Photo: Kevin Winter (Getty Images for NARAS)

Going to concerts can help you live longer. In a study published Tuesday, Patrick Fagan, an Associate Lecturer at Goldsmith’s University, in conjunction with the O2, a massive British entertainment district, found that going to a live music gig (at least once) every two weeks can actually improve your sense of well-being. Those who regularly attend concerts, the study found, could see a life expectancy increase of nine years. Nearly a decade more time on Earth just by going to gigs!

The research:

The gig experience increased participants feelings of wellbeing by 21% – with key markers across the happiness spectrum showing increases, including feelings of self-worth (+25%) and closeness to others (+25%) whilst mental stimulation climbed by an impressive 75%.


“Our research showcases the profound impact gigs have on feelings of health, happiness and well-being—with fortnightly or regular attendance being the key,” said Fagan.

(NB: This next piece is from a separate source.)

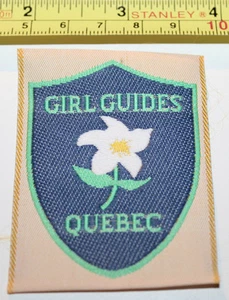 Girl Guides Quebec Canada Fabric Label Patch - Bild 1 von 2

His study cited previous research that found a correlation between activities that increase a sense of well-being and joy (like going to concerts, yoga, dog-walking) and extended life expectancy. So, basically, the happier you are, the healthier you are and the longer you live. Happy people go to concerts. Concert-goers live longer. Science!

I’ll raise a bit of reasonable skepticism around this study: Because it was conducted by the O2, a group that owns a large number of live music venues, this could exist solely to get people to buy more concert tickets. Devilish capitalism here, but I personally love going to shows so I’m more than happy to follow the study’s findings...and never die.